Photography by Kevin A. Roberts
Shan Keith greets me with a broad smile at the door of his white two-story Colonial home in Frontenac. He introduces his dog, Marble, and leads me downstairs toward the finished basement where, across from his children’s playroom, the fashion designer goes to work at SK Studios.
“People don’t expect to see what they’re about to see,” he says, “but in here, it starts to feel real.”
Here is a basement with the feel of a downtown loft, where Keith has plastered brick wallpaper on the cement foundation, where mirrors are propped against a wall in a casually elegant manner, and photographs of black fashion designers—including Ann Lowe, best remembered for designing the dress worn by Jacqueline Kennedy on her wedding day—serve as inspiration to him. Two dressing rooms anchor the studio, and mannequins—dressed in Keith’s formal dresses—stand in stylish poses. The bright-pink suit is a sample for clients to view and try on. Other garments, such as the floor-length gown with mesh fabric, a bevy of embellishments, and feathers sewn into the hem, are ready for a fitting…and the client’s feedback.

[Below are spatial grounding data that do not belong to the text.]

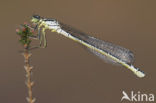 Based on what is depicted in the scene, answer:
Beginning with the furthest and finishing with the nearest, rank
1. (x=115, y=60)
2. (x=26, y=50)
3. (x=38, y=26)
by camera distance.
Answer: (x=115, y=60) < (x=38, y=26) < (x=26, y=50)

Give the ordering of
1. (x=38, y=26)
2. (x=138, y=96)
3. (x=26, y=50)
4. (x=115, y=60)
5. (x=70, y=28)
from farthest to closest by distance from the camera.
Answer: (x=138, y=96) → (x=115, y=60) → (x=70, y=28) → (x=38, y=26) → (x=26, y=50)

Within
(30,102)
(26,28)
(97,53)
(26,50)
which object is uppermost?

It’s all part of being a designer, and Keith is no stranger to the pressures of the fashion world. During his season on Project Runway, in 2014, he was challenged to design a five-look collection in three days, then present it in front of a live audience to judges, among them supermodel Heidi Klum and actor Neil Patrick Harris. But since returning to St. Louis five years ago and starting a job teaching in North Technical High School’s fashion design program, he’s found himself tasked with a project that, to some, has higher stakes: prom night.
“I block out January through May for prom season, because I know those [months] are going to be really steady and time-consuming,” he says. He started out designing two or three dresses a prom season, but now, thanks to the hallway grapevine and the power of Instagram, the number is closer to 50.

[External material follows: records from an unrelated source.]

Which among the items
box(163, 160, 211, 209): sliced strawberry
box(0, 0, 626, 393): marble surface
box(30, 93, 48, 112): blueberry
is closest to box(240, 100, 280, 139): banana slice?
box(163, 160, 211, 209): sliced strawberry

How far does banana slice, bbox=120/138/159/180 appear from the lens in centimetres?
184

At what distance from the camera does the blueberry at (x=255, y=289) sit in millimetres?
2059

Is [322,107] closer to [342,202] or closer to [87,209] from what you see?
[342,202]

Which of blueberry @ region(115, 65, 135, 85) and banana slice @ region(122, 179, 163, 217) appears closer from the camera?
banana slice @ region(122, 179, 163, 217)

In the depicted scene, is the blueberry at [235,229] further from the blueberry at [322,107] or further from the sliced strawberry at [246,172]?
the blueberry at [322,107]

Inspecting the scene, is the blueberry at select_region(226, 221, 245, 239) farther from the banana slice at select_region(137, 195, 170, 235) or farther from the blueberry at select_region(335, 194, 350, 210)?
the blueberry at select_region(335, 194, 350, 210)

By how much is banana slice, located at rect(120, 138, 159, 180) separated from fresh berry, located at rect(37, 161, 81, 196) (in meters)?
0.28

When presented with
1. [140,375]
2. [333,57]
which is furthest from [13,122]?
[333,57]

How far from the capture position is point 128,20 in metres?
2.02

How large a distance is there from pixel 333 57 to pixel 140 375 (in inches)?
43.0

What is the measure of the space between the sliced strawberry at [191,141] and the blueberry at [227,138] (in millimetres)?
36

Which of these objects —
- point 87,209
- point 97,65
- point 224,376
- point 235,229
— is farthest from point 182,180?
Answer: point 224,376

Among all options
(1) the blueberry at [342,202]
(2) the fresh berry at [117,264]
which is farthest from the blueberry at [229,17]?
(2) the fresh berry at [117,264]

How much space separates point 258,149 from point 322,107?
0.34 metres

Some of those clients are students where he teaches. And as a result of his course offerings in such fields as merchandising and retail, design and sewing, Keith’s learning that being a teacher entails more than he expected. Often he finds himself serving as counselor, father figure, and friend. He calls each of his students “boss” and encourages them all to think like one: “You can be great! You have the potential to be a boss.”
The lessons he’s teaching are those he’s learned in his own career, which has included providing garments for such celebrities as the actress and singer Zendaya, designing wedding dresses, and creating those Hollywood-worthy prom designs.
It’s in his studio space where he balances it all—the business and his family.
“I feel most comfortable here,” says Keith. “My kids can come in and ask me questions. I can be myself. You know how every man says he has a man cave? This is mine.”